__AIM OF THE TASK__
Using the listing below, give again exactly the lines from the line with "5401 Roberts St, Greenville, TX" to the line with "I keep my dining", inclusive, without the pictures.

*** TASK INPUT

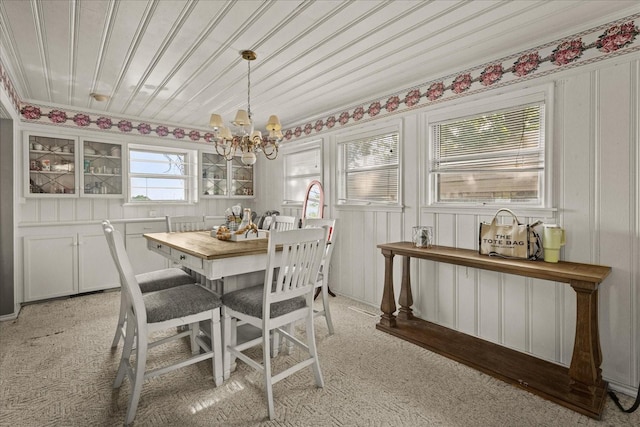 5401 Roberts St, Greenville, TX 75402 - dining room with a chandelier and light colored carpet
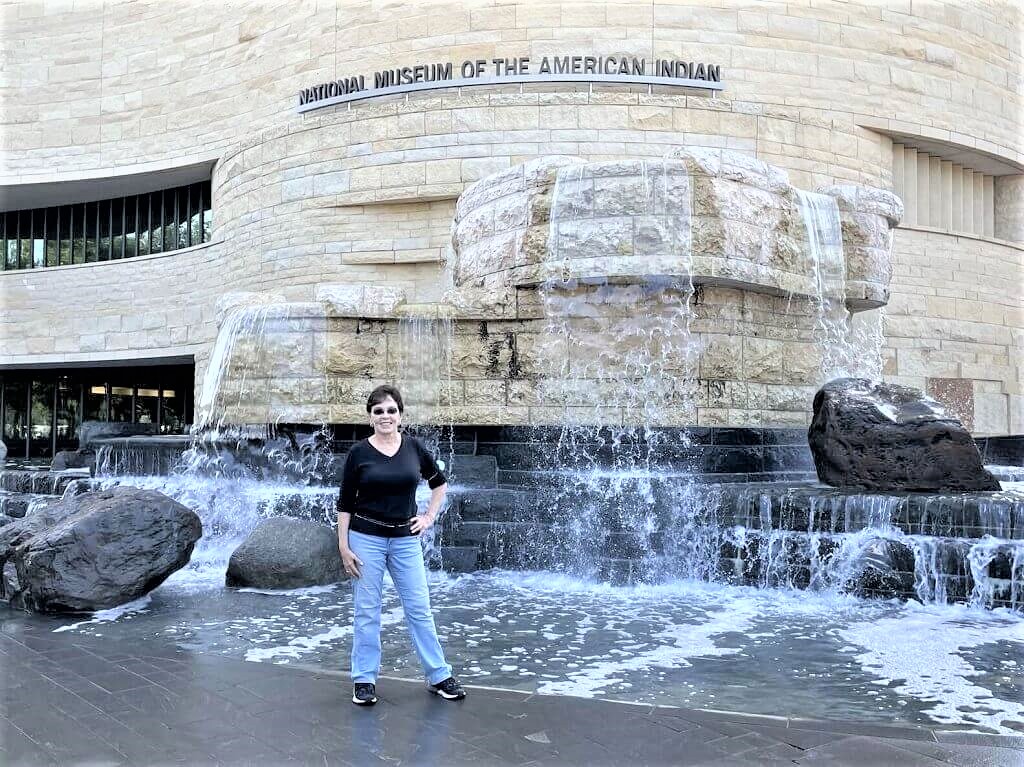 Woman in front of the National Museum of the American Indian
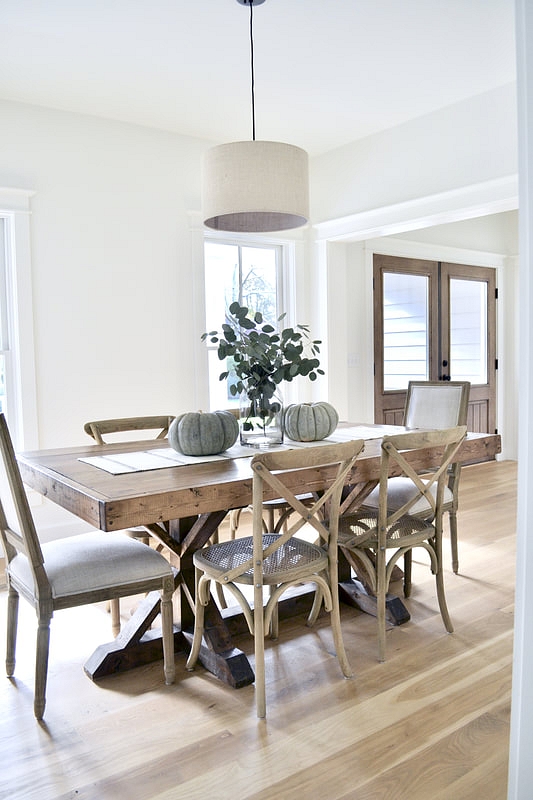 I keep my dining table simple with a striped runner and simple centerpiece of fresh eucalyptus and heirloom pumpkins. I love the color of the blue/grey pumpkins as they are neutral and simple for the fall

******
*** TASK INPUT

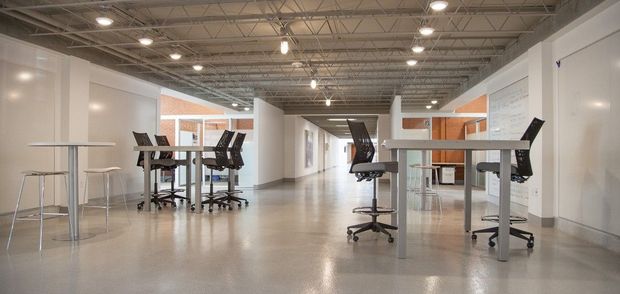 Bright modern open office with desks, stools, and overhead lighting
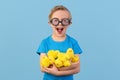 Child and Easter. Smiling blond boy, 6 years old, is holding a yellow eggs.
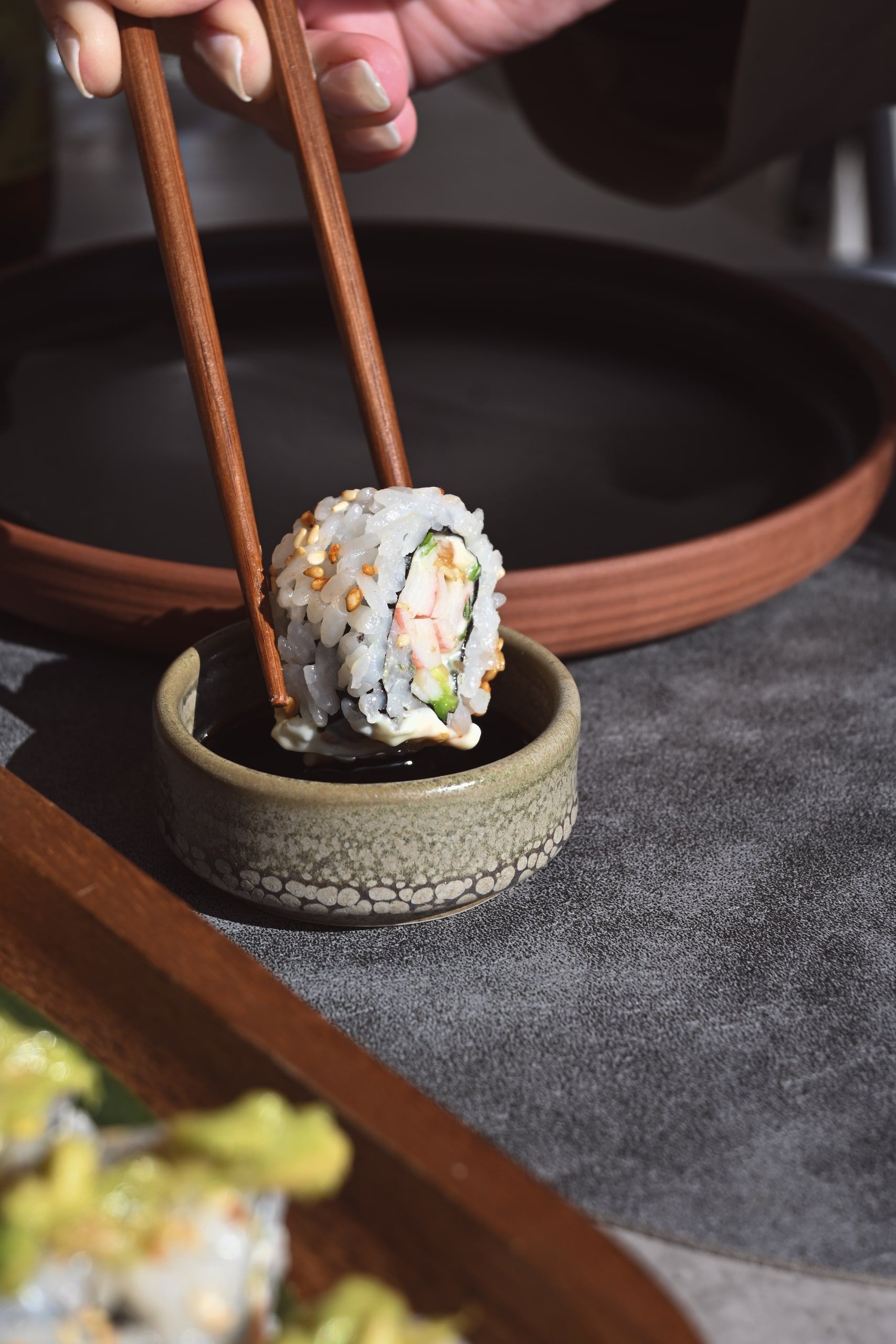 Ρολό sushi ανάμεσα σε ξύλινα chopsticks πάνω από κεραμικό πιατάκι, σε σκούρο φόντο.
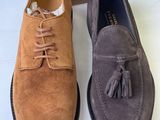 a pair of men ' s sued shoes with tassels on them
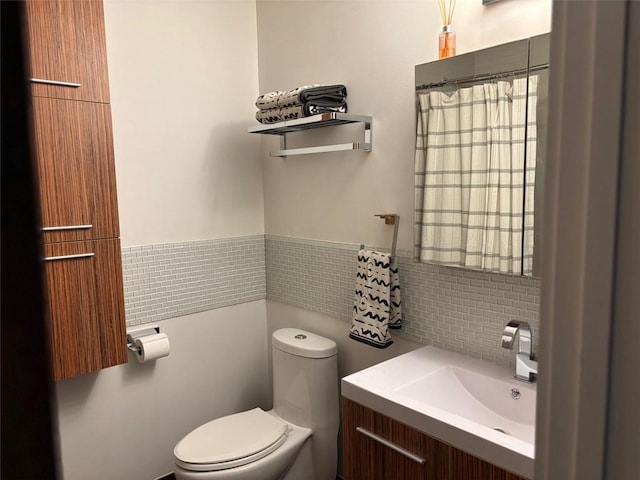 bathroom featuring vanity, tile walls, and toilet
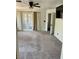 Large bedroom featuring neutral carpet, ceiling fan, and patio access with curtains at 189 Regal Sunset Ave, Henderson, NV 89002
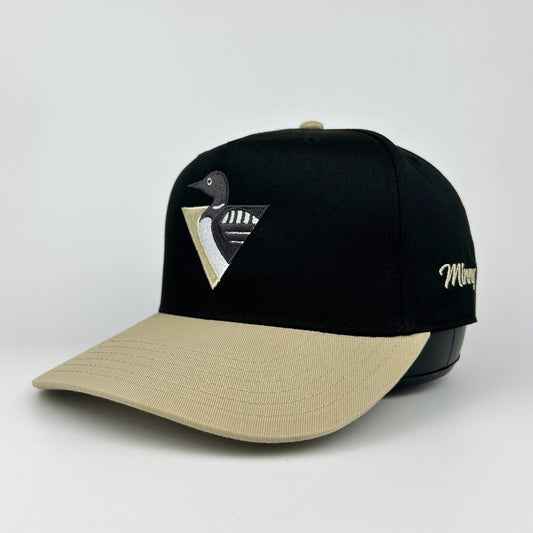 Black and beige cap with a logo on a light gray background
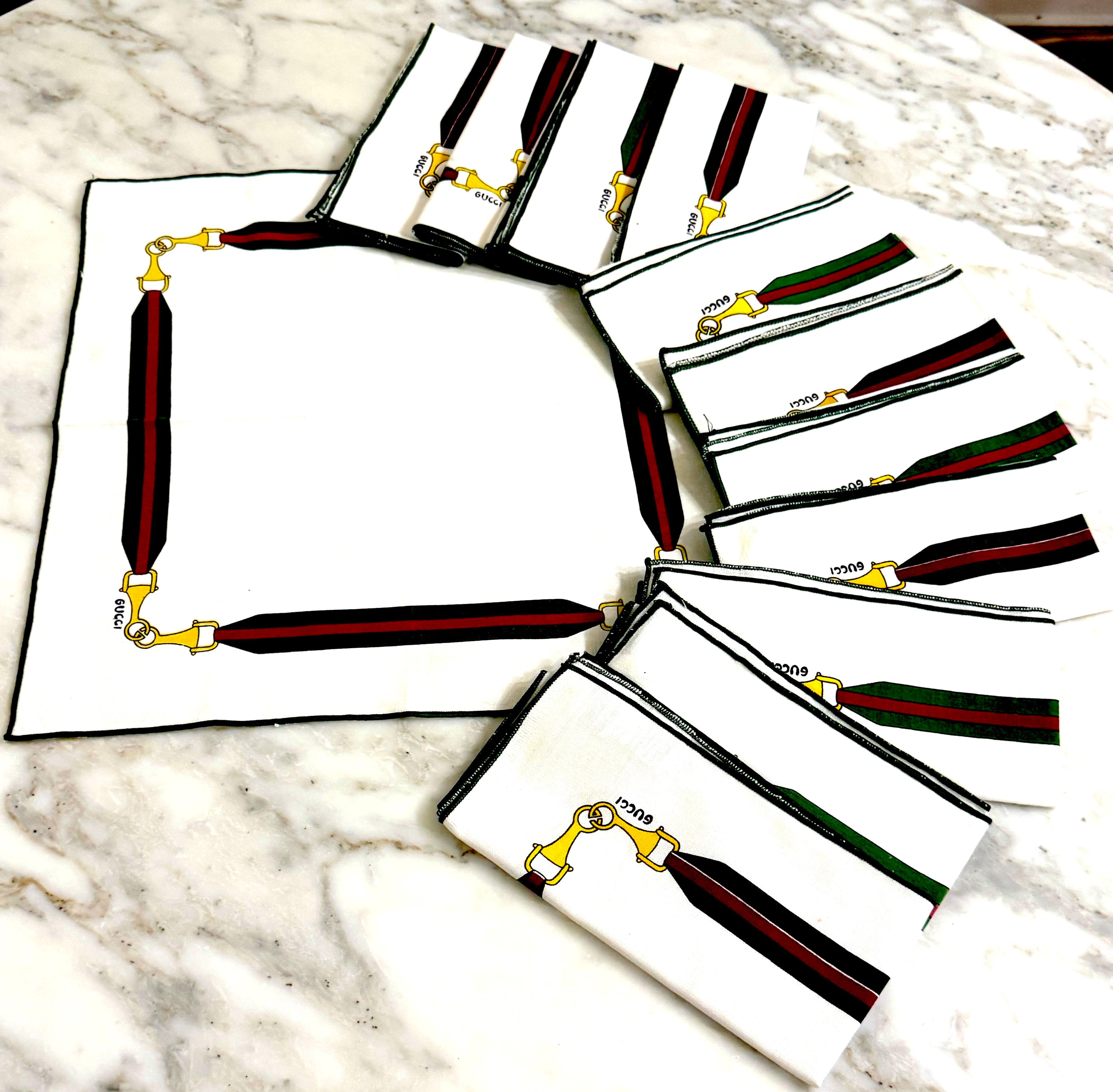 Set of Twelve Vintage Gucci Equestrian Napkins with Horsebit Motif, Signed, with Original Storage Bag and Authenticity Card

******

__TASK RESPONSE__
 5401 Roberts St, Greenville, TX 75402 - dining room with a chandelier and light colored carpet
 Woman in front of the National Museum of the American Indian
 I keep my dining table simple with a striped runner and simple centerpiece of fresh eucalyptus and heirloom pumpkins. I love the color of the blue/grey pumpkins as they are neutral and simple for the fall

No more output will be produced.